La constance marginale des teigneux
« Euh… Faudrait pas croire que je vais écrire tous les jours, non plus ! »
(Là, c’est juste pour dire qu’on va bien, pas secoués parce qu’assez loin des nombreux et terribles séismes de l’île de Kyushu. Mais bon, j’en profite pour ajouter quelques lignes…)
R. I. P., P. I. F. !
Car, oui, le temps des pionniers du blog est bien fini. Les nouveaux blogueurs – youtubeurs et facebookiers – ignorent déjà ce qui les a précédés ou méprisent ces vieux croutons du PIF*, et je les comprends. Ils jouent des coudes, prétendent en vivre, tombent déjà dans la recette (que des vidéos, ou que des recettes ou que des critiques de romans qui viennent de sortir, etc.) ; c’est qu’eux-mêmes ont peu de temps pour se faire remarquer, avant qu’une nouvelle appli n’engendre une nouvelle génération d’appliqués…

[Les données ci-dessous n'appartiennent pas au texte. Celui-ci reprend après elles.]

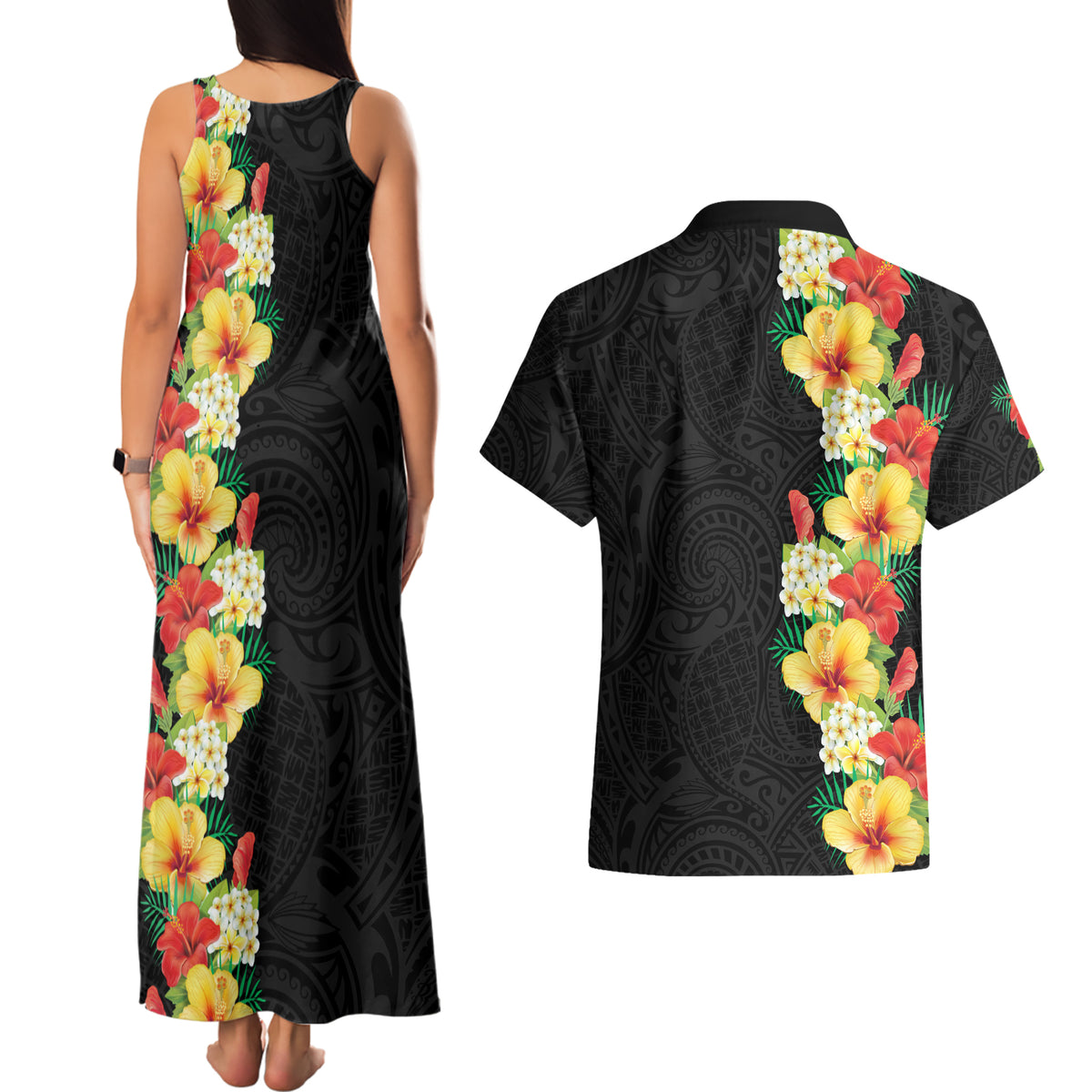 Hawaii Tropical Flowers Tribal Pattern Couples Matching Tank Maxi Dress and Hawaiian Shirt No2 LT9 - Polynesian Pride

Par ailleurs, les come back façon Renaud & Polnareff, c’est pitoyable et déprimant. Ça console les babyboomeurs, qui viennent (ad)mirer leur retour d’âge dans les croulants regonflés par de cupides producteurs – pas ma tasse de thé. Sans hésitation, je préfère la constance marginale des teigneux Murat & Manset.
Dans mon précédent billet, je citais Bien connu des services de police de Dominique Manotti (2010). Depuis, j’ai lu avec le même plaisir et du même auteur Or noir (2015) et L’honorable société (2011, écrit avec DOA), vu le film de 2009 Une affaire d’état, adaptation de Nos fantastiques années fric (2001), avant d’entamer Larchmütz 5632 de Jean-Bernard Pouy (2001). Or noir, sans conteste, est le plus satisfaisant ; on y perçoit l’envers de ce qui s’est joué autour du commerce du pétrole dans les années 1970 et qui est, hélas, à la base d’une bonne partie des problèmes actuels. Le livre est arrivé à la médiathèque de l’Institut français de Tokyo alors que je commence un cours de dix semaines sur Au revoir la-haut et les arnaqueurs des années 1920.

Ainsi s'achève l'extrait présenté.